Hot on the heels of the FTC’s recent appointment of a new Chief Technologist and the EU’s announcement that it plans to overhaul its data protection rules in 2011, it now looks like the Obama Administration soon will be throwing its hat into the Internet privacy ring. According to press reports, the Administration is preparing a stepped-up approach to policing Internet privacy which will call for new laws and the creation of a new oversight position.
The reports suggest that the strategy likely will be unveiled in a report to be issued by the US Commerce Department in the next few weeks. The White House also recently created a special task force to transform the Commerce Department’s recommendations into policy. The White House task force, set up three weeks ago, is led by Cameron Kerry, brother of Sen. John Kerry (D. Mass.) and Commerce Department General Counsel, and Christopher Schroeder, Assistant Attorney General at the Department of Justice. Both initiatives signal a heightened interest in online privacy by the Obama administration.

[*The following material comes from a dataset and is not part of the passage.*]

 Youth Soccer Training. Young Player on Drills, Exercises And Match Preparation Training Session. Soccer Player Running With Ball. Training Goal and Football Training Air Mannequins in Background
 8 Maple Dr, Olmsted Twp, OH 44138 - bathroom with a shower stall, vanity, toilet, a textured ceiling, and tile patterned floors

Currently, there is no comprehensive US law that protects consumer privacy online. The only agency tasked with policing Internet privacy issues is the FTC, which is limited to taking action only in those instances when a privacy-violating action is deemed deceptive or unfair under Section 5 of the FTC Act. In addition, the Commission is limited both in its ability to impose penalties in individual cases and to engage in rulemaking. In a year in which the news has been filled with stories about Internet privacy violations and increased concern about the potential misuse of personal data, it appears that some in government believe that a more aggressive approach to Internet privacy regulation may be necessary.
The Administration may well face a tough road in implementing new privacy initiatives. Opponents of increased oversight argue that industry self-regulation is the best way to address privacy concerns and that governmental regulations may stifle innovation of new Web-based technologies. On the other hand, proponents of increased regulation believe that the self-policing of the Web has failed to protect the privacy of Internet users.
It remains to be seen how future online privacy initiatives will be impacted by the recent Republican takeover of the House. Any new privacy initiatives will require an expansion of the government’s role over this area in the context of the Republicans' recent campaigning for a curtailment of “big” government. That said, online privacy protection may be an issue where the left and the right do not necessarily line up in the usual ways. One example of this came from Joe Barton (R., Texas), co-chairman of the Congressional Privacy Caucus, who commented that the Administration’s initiative is “[b]etter late than never. I am glad more and more folks, in the government and otherwise, are beginning to realize that there is a war against privacy.” As Rep. Barton’s comment suggests, it just may be that the Republicans will be carrying the banner for increased government oversight and more regulation -- at least when it comes to online privacy.